0,7 + 0,67 + 0,625 + 0,57 + 0,5 + 0,4 + 0,25 / 7 = 9,95 %
but can this be a right probability?
1. You are only choosing 5 questions

2. You multiply the probabilities together because you want all the events to occur

CB

11. ## Re: On which probability.

Hello, stevetall!

I hope I interpreted the question correctly.

A teacher gives his class 10 questions says that 5 of them will be on the exam.
A student has mastered 7 of the 10 questions.
What is the probability that the student knows all 5 questions on the exam?

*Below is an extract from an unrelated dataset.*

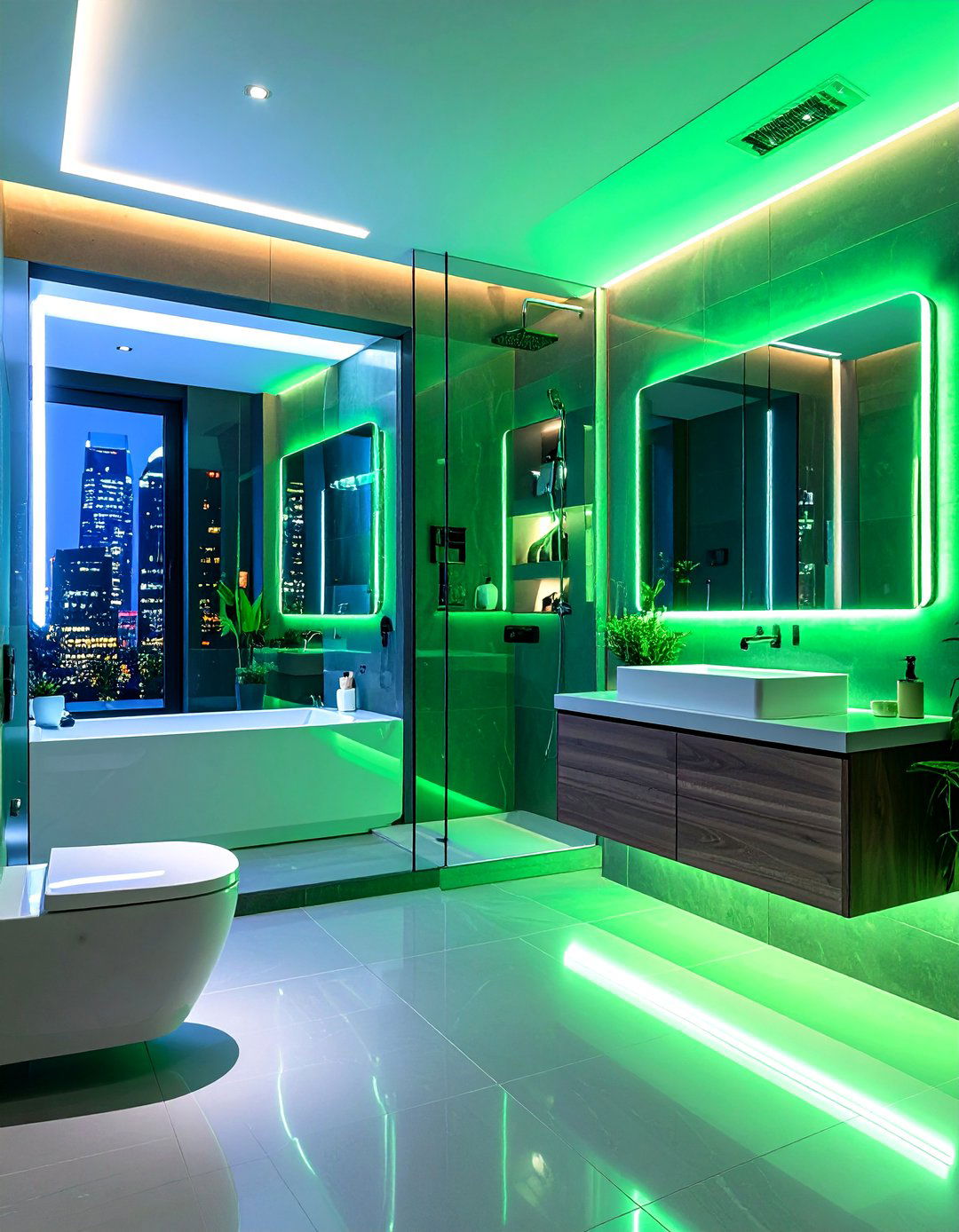 Smart Technology Bathroom with Digital Features - 24 Modern Bathroom Decor Ideas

. . $\begin{array}{ccc}\text{Question} & \text{Prob.} \\ \hline \\[-4mm] 1 & \frac{7}{10} \\ \\[-4mm] 2 & \frac{6}{9} \\ \\[-4mm] 3 & \frac{5}{8} \\ \\[-4mm] 4 & \frac{4}{7} \\ \\[-4mm] 5 & \frac{3}{6} \end{array}$

$\text{Probability} \;=\;\frac{7}{10}\cdot\frac{6}{9}\cdot\frac{5}{8} \cdot \frac{4}{7}\cdot\frac{3}{6} \;=\;\frac{1}{12}$

~ ~ ~ ~ ~ ~ ~ ~ ~ ~ ~ ~ ~ ~ ~ ~ ~ ~ ~ ~ ~ ~ ~ ~ ~ ~ ~ ~ ~

An alternate approach . . .

There are: . $_{10}C_5 \:=\:\frac{10!}{5!\,5!} \:=\: 252$ possible exams.
The student will know all 5 questions in: . $_7C_5 \:=\:\frac{7!}{5!\,2!} \:=\:21$ of them.

Therefore: . $\text{Probability} \;=\;\frac{21}{252} \;=\;\frac{1}{12}$

12. ## Re: On which probability.

Soroban, yes, I meant just like that. Thank you!